In a world where Google can teach anyone about the aerodynamics of a golf ball or 5 million strangers can see the same Facebook post, it’s hard to imagine that scientists often struggle to process and share their data. Thanks to a fellowship from the University of Minnesota Informatics Institute, Associate Professor Adrian Hegeman is working to create a software platform called Galaxy-M to address this issue in the field of metabolomics.
A single plant can have tens of thousands of metabolites, and many of these metabolites can be measured using modern chemical analysis techniques. The abundance of data from these sorts of experiments has created new challenges and opportunities for researchers trying to figure out how to pull valuable information from big data sets. “Researchers in classical metabolomics look at pattern changes in thousands of chemicals. Then they make sure those changes are real and figure out which chemicals in those changes are interesting,” explained Hegeman. “It lets you focus in on what’s important and use your resources in a targeted way.” Detecting those changes can be a challenge, because analyzing the data with different processes can reveal different information about a single data set. “You can get some info on your data set from one process, but not enough,” said Hegeman.
Researchers often independently develop programs to meet their lab’s needs, but other scientists may struggle to access the program. Through Galaxy-M, researchers can instead draw upon a multitude of programs that other researchers will also be able access easily. As an added bonus, researchers can run their data through these various data processing tools and then display the results side by side for comparison. “If you can get those results next to the other results in your database, you can start doing more and start to learn which tools work best for different experiments,” said Hegeman.
Galaxy-M goes beyond simply gathering programs together. In order to reproduce an experiment, a researcher needs to not only have access to the program that the original experiment used, but they need to know the exact settings used by the program. This isn’t a problem with Galaxy-M. When data is run through Galaxy-M it will capture information on the program and the settings used, which can then be published in a scientific journal and replicated by other researchers.
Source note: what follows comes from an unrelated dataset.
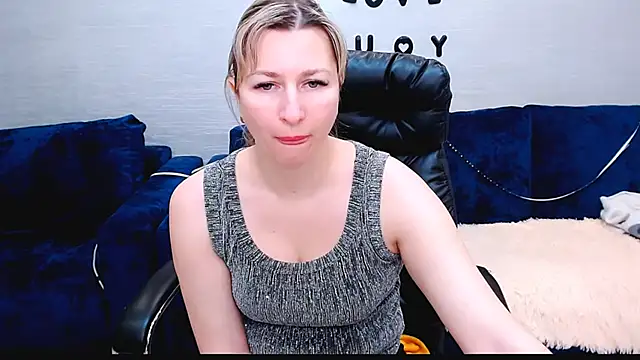 Incredible Ariela online show from December 15, 2025, 9:57 am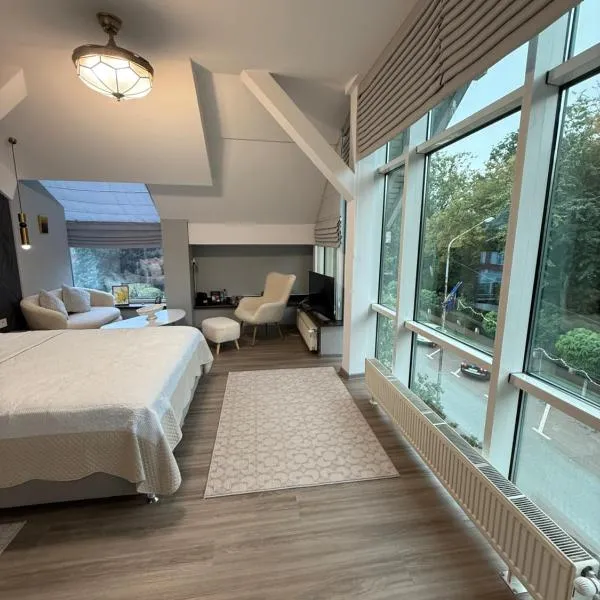 Hotel Maria, hotel din Rădăuţi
Another important component of Galaxy-M is that it will be open source, which means that the original code is made public and can be changed by anyone. Hegeman pointed out, “We’re in a phase in metabolomics as a field where lots of people are developing tools, but they’re not sticking the info together or sharing data sets.” Making Galaxy-M open source allows users to add in features and programs that are useful to them that may not have been in the original program. When users make add-ons to Galaxy-M, though, it will then be easily accessible to other researchers replicating the experiment. Doing this ensures that the program can grow and change to meet the needs of metabolomics as the needs of the field shift.
A project like this requires time before it can be useable. The fellowship gave Hegeman the time needed to figure out what the program will look like, but he’s currently seeking support to bring Galaxy-M to reality. “We’re going to really start working in earnest next fall, and then it’s about a three year project. Hopefully we should have a good workable version in three to four years.”